The lien claimants relied on Cenex and several Queen’s Bench decisions that followed the approach in Cenex when interpreting section 22(2) of The Builders’ Lien Act. They argued that even though the lender’s security interest had been registered before the liens were registered, their liens took priority with respect to the production and extraction of minerals pursuant to section 22(2) of The Builders’ Lien Act.
Cenex had previously interpreted section 12 of The Mechanics’ Lien Act, RSS 1978, c M-7 (repealed), which would eventually become section 22 of The Builders’ Lien Act, as creating priorities between those liens and other security interests. The court in Cenex had previously determined that the equivalent of section 22(1) of The Builders’ Lien Act, created general liens subject to normal priority rules, but had also created an exception for liens related to the recovery of minerals under section 22(2). According to the court in Cenex, lienholders had priority over secured parties in relation to “all estates and interests in the mineral concerned” and those “estates and interests” included the equity of the secured parties in the ore. The lien claimants also relied on Boomer Transport Ltd. v Prevail Energy Canada Ltd., 2014 SKQB 368, 461 Sask R 184 [“Boomer”]. The court in Boomer had extended the Cenex exception by allowing the super priority not only against the debtor’s oil inventory and the proceeds from that inventory, but also the debtor’s oil leases and well assets.
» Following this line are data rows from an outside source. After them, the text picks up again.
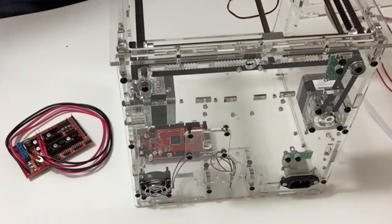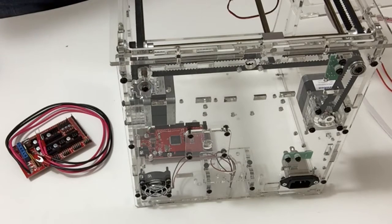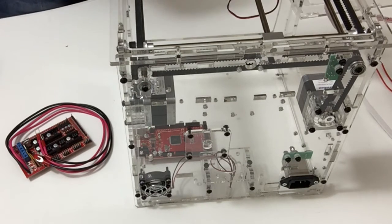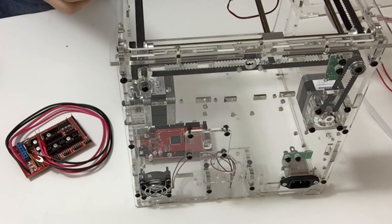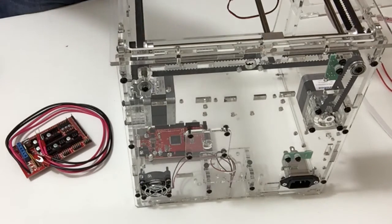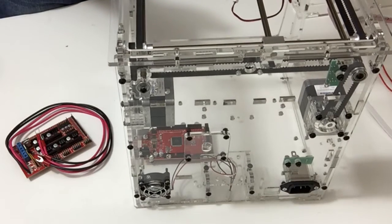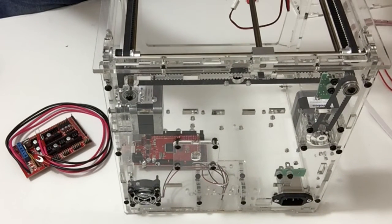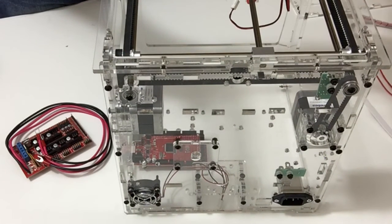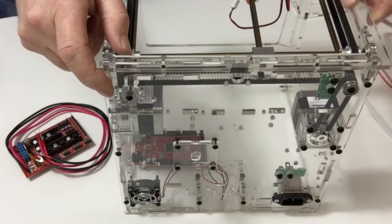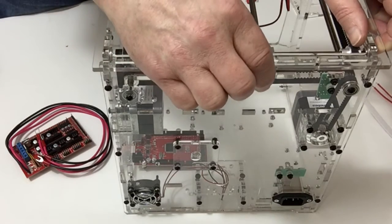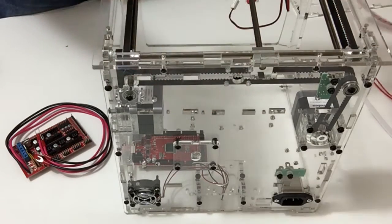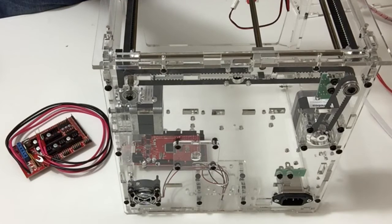In stage 38 we're going to be plugging in the drive board into the main circuit board. But before we do that we need to remove the top panel. Undo all of the screws surrounding the top panel and then carefully lift that off so that the nuts stay in their position.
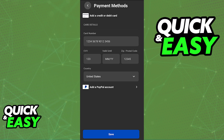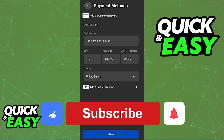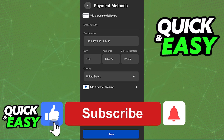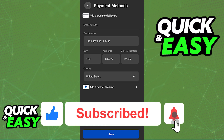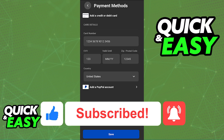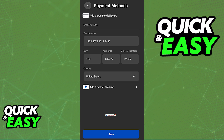I hope I was able to help you on how to add a credit card to your Oculus Quest 2. If this video helped you, please be sure to leave a like and subscribe for more quick and easy tips. Thank you for watching.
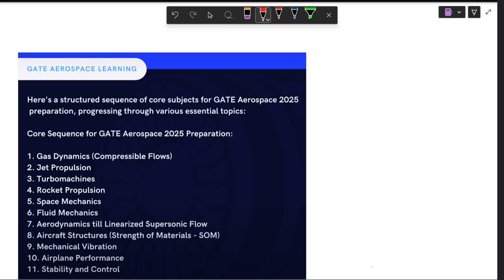Hello everyone. This will be the first lecture of Gas Dynamics. In this lecture I will be discussing the complete syllabus for Gas Dynamics for the GATE Aerospace exam — what are the important topics and syllabus which we will be following for this lecture series.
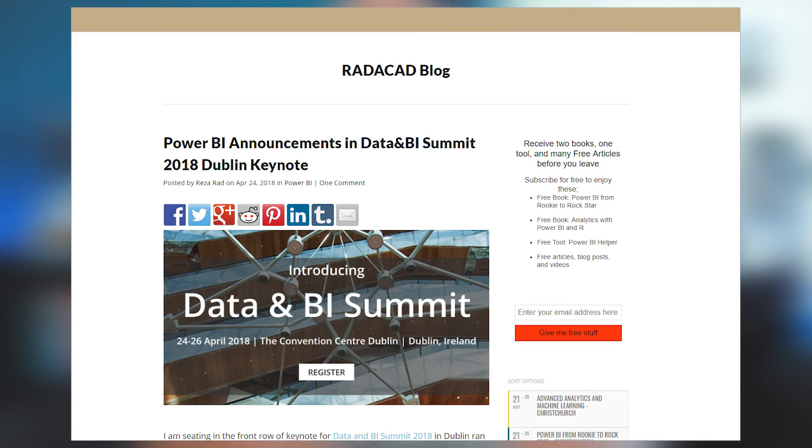Also from the Data and BI Summit in Ireland, Reserad's got a blog post where he looks at some of the new things coming down the pipe for Power BI that were discussed at the summit. This includes incremental refresh and the new CDS service that's coming. Check it out if you want to see some of the highlights and what new features are on the way.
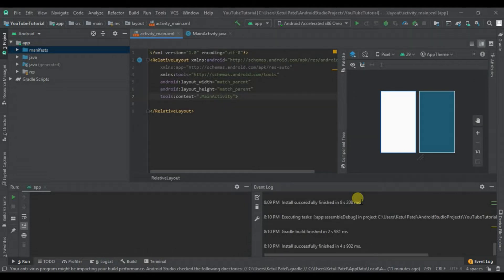Hello all and welcome back to the channel. This is Keetul Patel and today we are going to see how we can capture an image and review that image using Android Studio. Let's start the tutorial without wasting time.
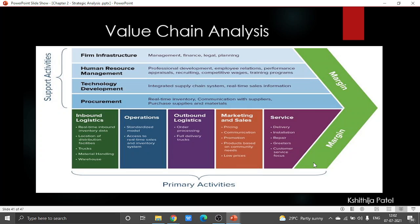This value chain concept was the idea or theory of Michael Porter. This particular value chain speaks about the classifications of all the activities that happen inside and around any business organization, which together create a product or service that the organization wants to render to society.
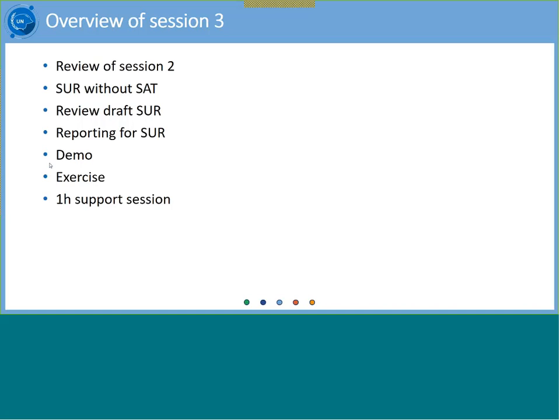Chalini just joined — welcome, Chalini. You have been put as a panelist, so if you want to intervene or correct, don't hesitate. We'll do the demo and then there is a common exercise for everybody. Creation of an SUR without an SAT from scratch is possible for all types of users — you don't need a specific role. We still have a one-hour support session today, so we remain available for any questions.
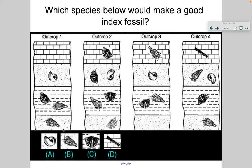B is found in multiple layers across the outcrops — that's already a really bad index fossil. C would have been perfect except outcrop two shows it's in two other layers as well. D is only found in one layer, but we don't see it in the same layer across the other outcrops, so it wouldn't really help us. Therefore, A would be the species that makes a good index fossil, because it's only found in one layer and you can find it in each of the outcrops.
The Court of Appeal, however, sided with the secured lender and concluded that Cenex had been wrongly decided. The Court found that the phrase “all estates and interests in the mineral concerned” was not aimed at including the equity of other creditors, rather it was meant to ensure arrangements like farm-ins and joint ownerships would not frustrate the builders’ lien regime. The court held that section 22 of The Builders’ Lien Act clarified the scope and nature of the assets to which liens attach, but that it did not prescribe priorities. Instead, section 22 is subject to the same priority rules included under section 71 of The Builders Lien Act. Section 71 states that the liens arising from an improvement have priority over all mortgages, conveyances or other agreements registered after a claim of lien is registered. As a result, the priority of builders’ liens will be determined alongside other security interests based on the date of registration.
As builders’ liens have now lost their priority status, the order of registration for liens will be critical. Companies with unregistered builders’ lien regarding the extract of minerals will need to respond accordingly and quickly.